Thanks, Pearce. So, you’ve got to remember the development of the dry gas area is a fairly new development and we are really the first do develop it in a big way. The situation you have, Pearce, is you have lots of new production coming on, at a very tight geographical area and these are very high pressure wells.
This is a very prolific region and so, you’ve got pipeline to have maximum operating pressures that they operate under and we’re seeing pressures of 1,100 to 1,300 psi which is pretty incredible pressure. So, in oil and gas, Pearce, as you know, compression is something that you bring on when it’s needed, but not before typically.
And so, we are at a point that it’s needed. And so, we’ve had plans for compression all along. Right now, we’re working on field lift or pad level compression. That should come on shortly. We’re also working on full field compression, which we’ll begin phasing in by year-end. So, it shouldn’t be an issue for 2017.
Just keep in mind this is ultimately an above the surface mechanical challenge. Again, it’s something that you deal with in every play. We have the plan. We’re phasing it in. And so, we are working through this very quickly which just shows, I think, our operational maturity.
And I think the fact that we’re still going to be within our guidance range for the year just indicates that we’re working through it very quickly and we’re on top of it.

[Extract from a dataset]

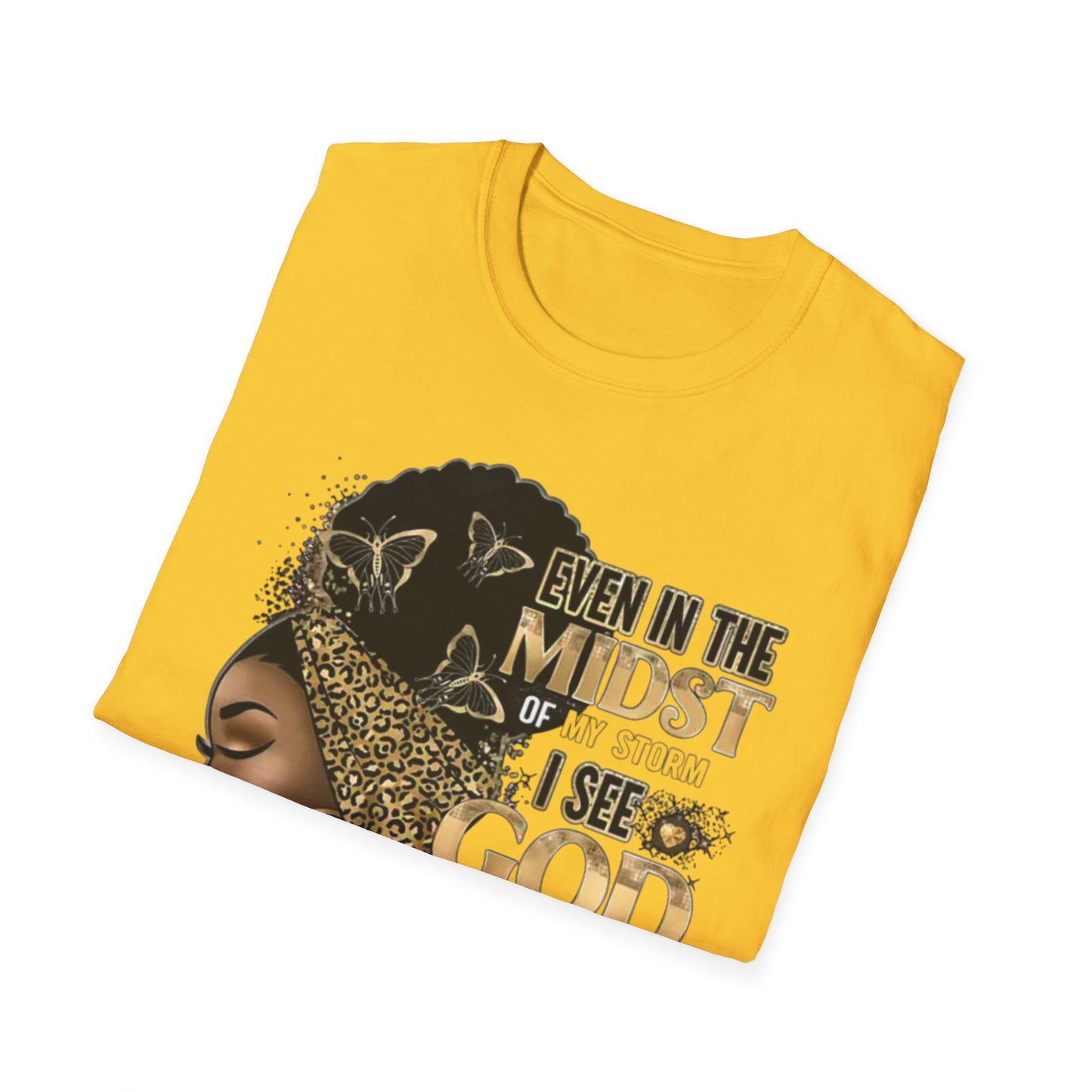 Inspirational Graphic T-Shirt, Motivational Tee, Quotes Shirt, Affirmation Gift, Faith-Based Apparel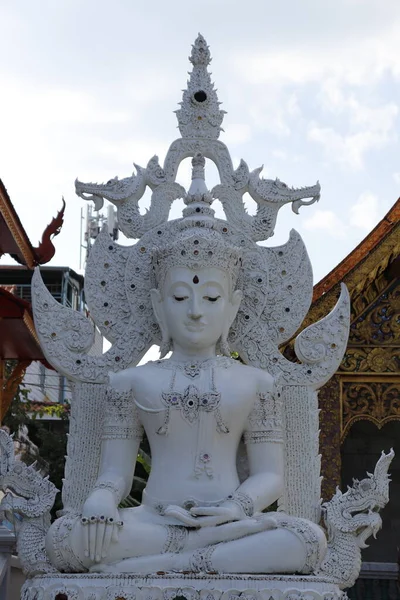 Tayland Chiang Mai Şehrin Güzel Bir Manzarası — Stok fotoğraf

Ty, would you add anything to that?.
No. I think you’ve covered it. No..
Okay..
Yeah..
Does that answer your question, Pearce?.
Yes, it does. Thank you. It’s very helpful. And then, my second question is just more of a follow-up to the prior questioner. So, it sounds like that based on the six-rig program for next year and assuming roughly $3 that your leverage metrics would not change, in fact could improve as you step out into 2018.
Is that a fair assessment?.
Yeah. I think – and, Pearce, it’s Aaron. I think what I’d say is where we stand today, we’re at 1.4 times leverage on an LTM basis. And we’ve talked about two to three times. So, we are comfortable with having that leverage tick up.

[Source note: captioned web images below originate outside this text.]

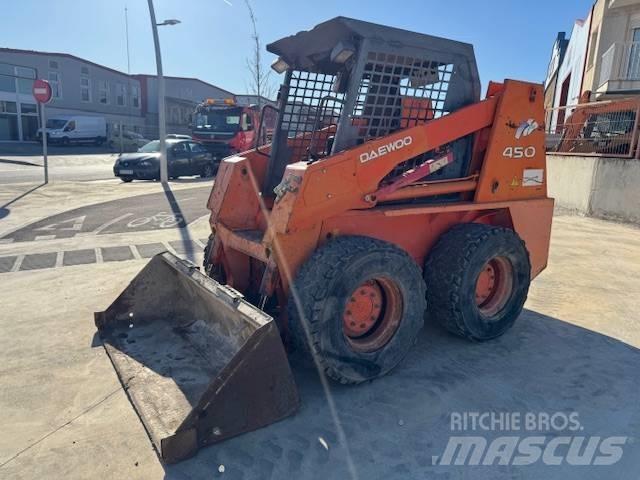 Daewoo 450P Ładowarki burtowe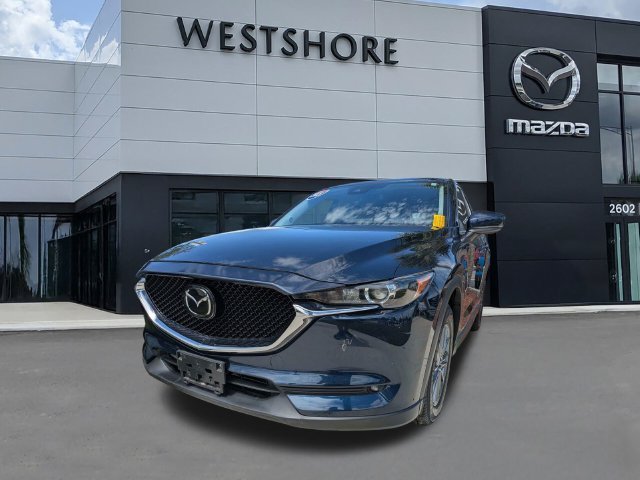 Used 2021 Blue Mazda Touring image 7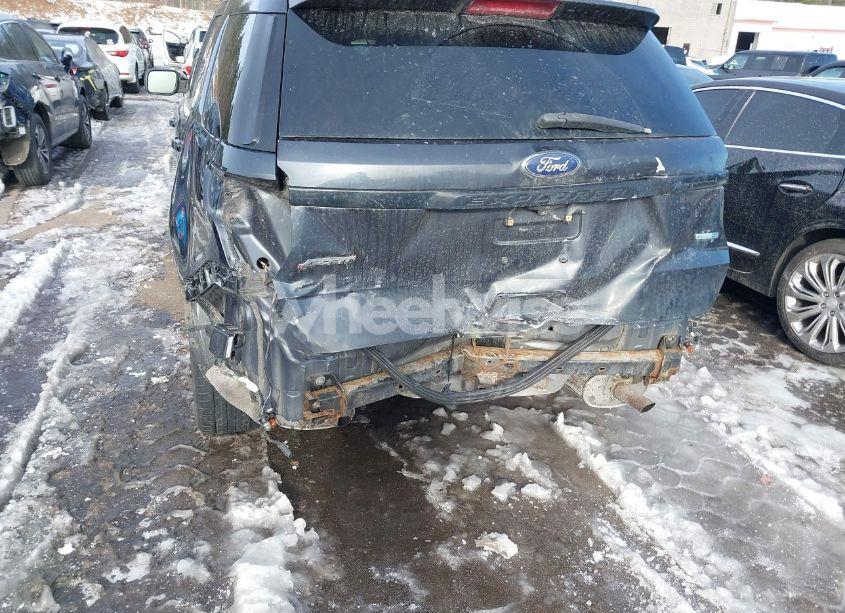 Photo 17 of 2017 Ford Explorer SPORT (VIN 1FM5K8GT7HGB26000)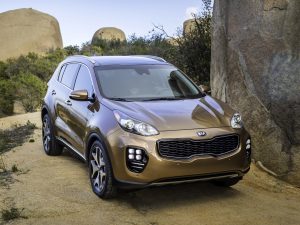 2016 Kia Sportage SX USA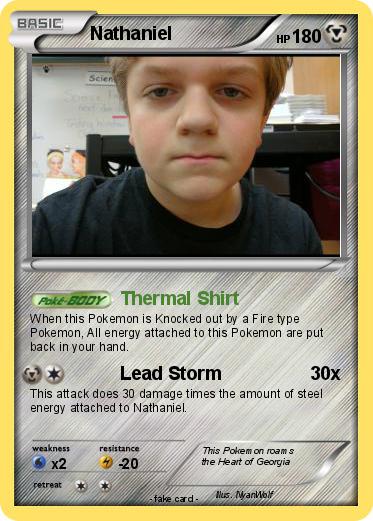Pokemon Nathaniel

But basically, the plan that we’ve outlined puts us on the lower end of those workings over the long term, so we’re very comfortable with the six- to eight-rig program just depending on where the commodity price is..
Excellent. Thanks so much..
Thanks, Pearce..
Our next question comes from the line of Jason Wangler with Wunderlich Securities. Please state your question..

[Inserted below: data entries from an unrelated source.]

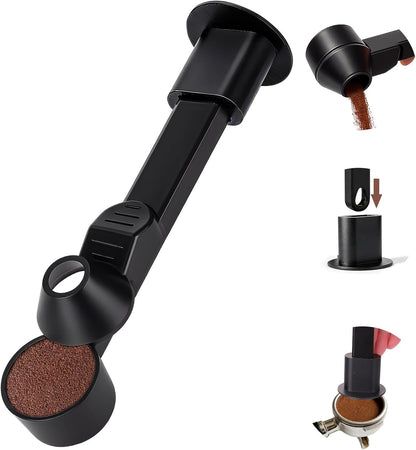Palksky Coffee Scoop & Funnel for Reusable K Cup Refillable Coffee Pods, 2 Tablespoon Slide Coffee Measuring Funnel Scooper,1PCS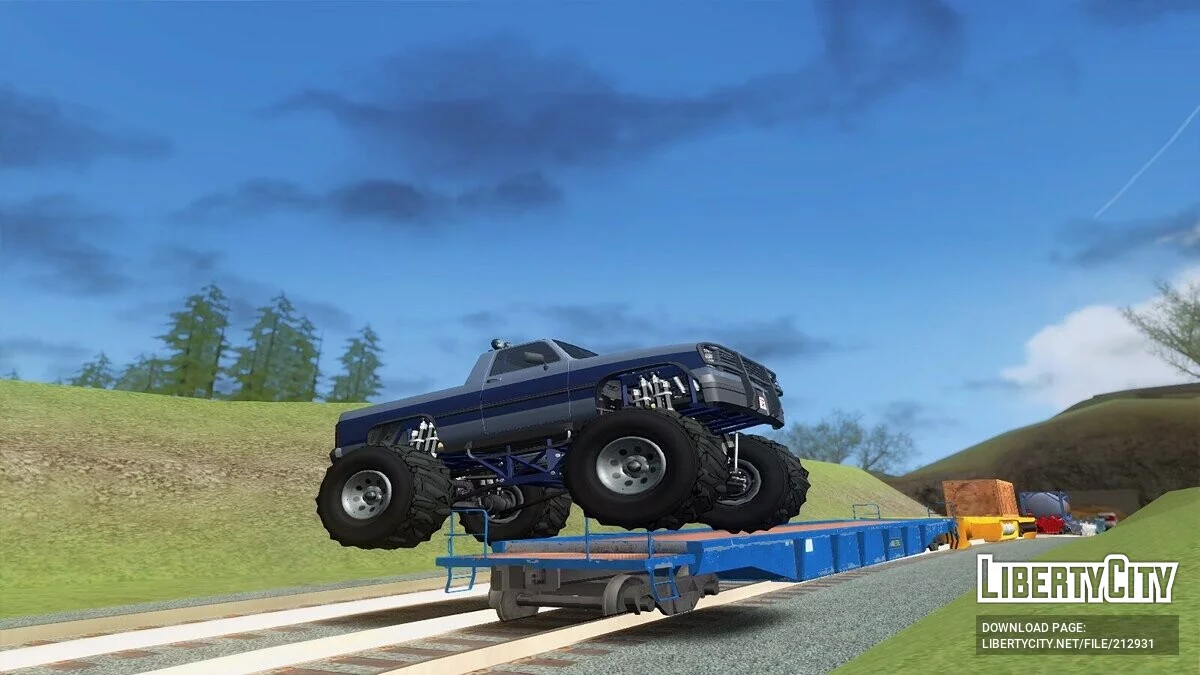 Declasse Monster / GTA San Andreas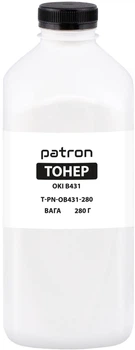 Тонер Patron Oki B431 280 г Black (PN-OB431-280)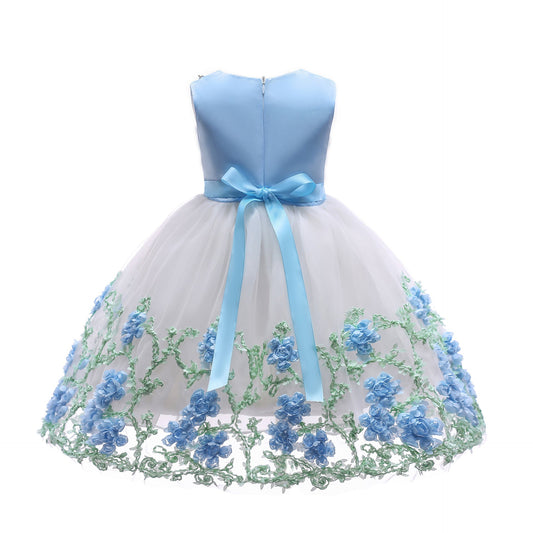 Princess Flower Gown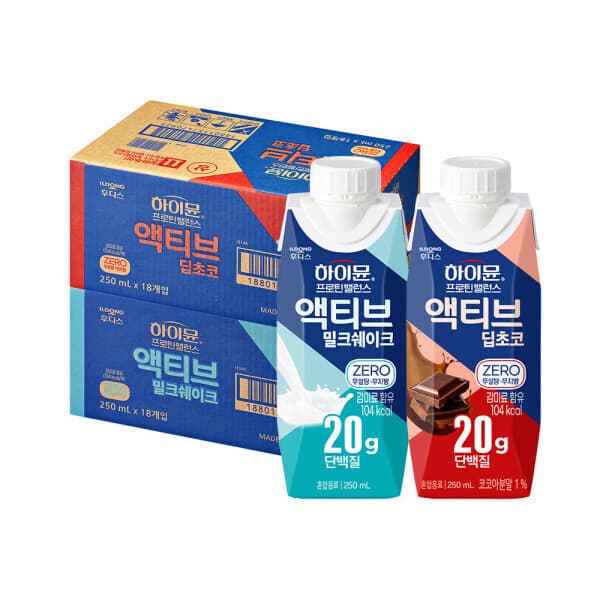 일동후디스(주) 하이뮨 프로틴 밸런스 액티브 제로세트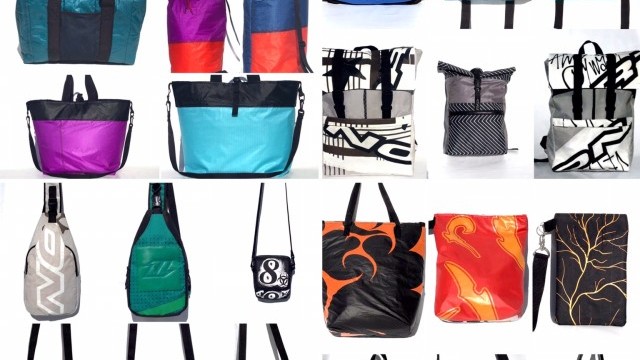 The Fabric of Kitesurfing History - Louise Hadlow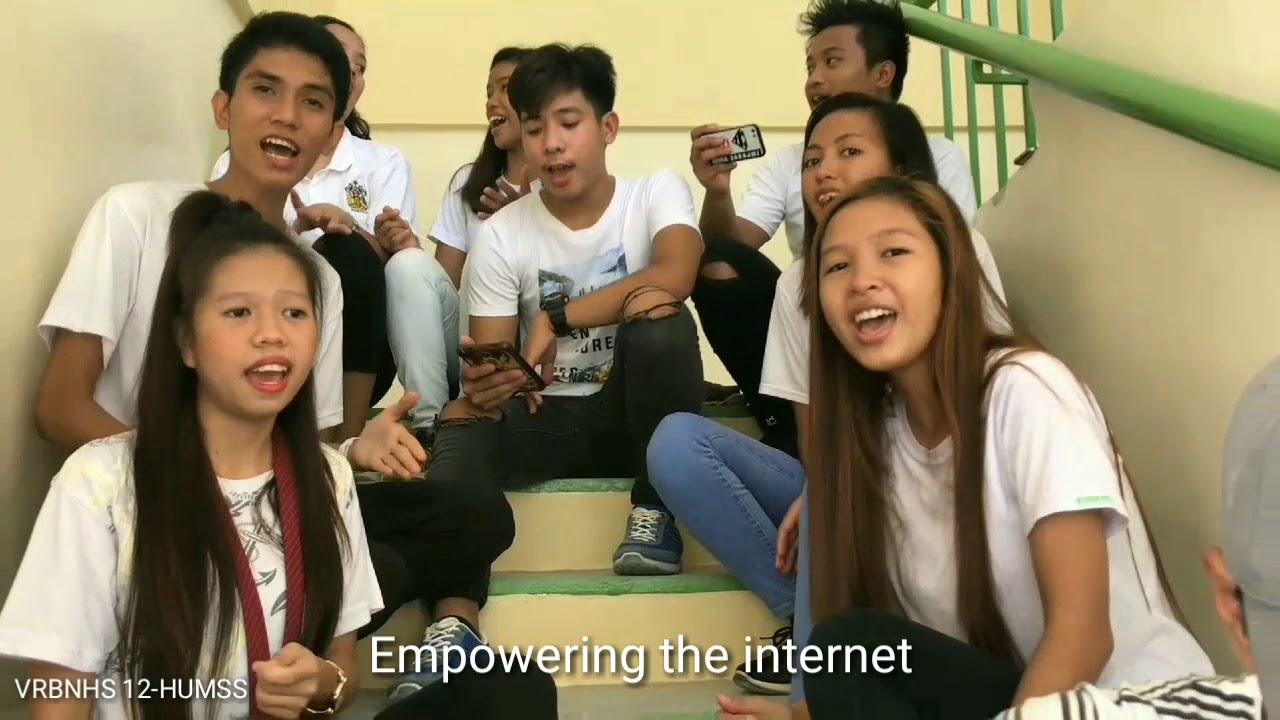 ICT MONTH SONG by 12- HUMSS - Aristotle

Good morning. Just maybe doing some linear math at the July production, and understanding the compression issues start to alleviate pretty quickly.
Can you just talk about the ramp in this quarter getting production probably in excess of 700 million, as you look at it in terms of I guess just the activity level that you guys have planned bringing on wells? I know it’s not something you’d typically talk about, but just trying to get a handle on how that ramp looks with the kind of the headwind of the compression issue..
Yeah, that’s a good question. So, on slide 13, if you refer to slide 13, this quarter we put the turn-in-line schedule in for the third and fourth quarter. So, I think that will help you, but remember we’ve brought on 5 wells right at the end of June. We’ve got 20 wells coming on in the third quarter and there are 10 coming on in the fourth quarter.
So, we certainly feel very comfortable about third quarter and fourth quarter. And as I mentioned, both in the scripted comments and in my earlier Q&A, we actually looked to exceed by quite a bit, the 50% exit rate that we previously had anticipated for fourth quarter over fourth quarter..
And Jason, it’s Aaron. Let me add, what you’ve got to keep in mind and you can see it on slide 13 of our deck. We basically have two-thirds of our turn-in-lines for the year coming on in the second half of this year and really the step coming on in the third quarter is not really showing up in the July number.
So, we do feel comfortable about hitting that guidance range that we talked about both the third quarter numbers, as well as the full year..
Yeah, and that’s what I was going to be maybe just follow onto is I would assume that the majority of that 20 is still coming on August, September then. So, it’s really even more than six months loaded, that’s kind of the back end of the five months of the year.
Is that fair to say?.
That’s fair..
Great. Thank you, guys. I’ll turn it back..
Thank you..
Our next question comes from David Deckelbaum with KeyBanc Capital Markets. Please state your question..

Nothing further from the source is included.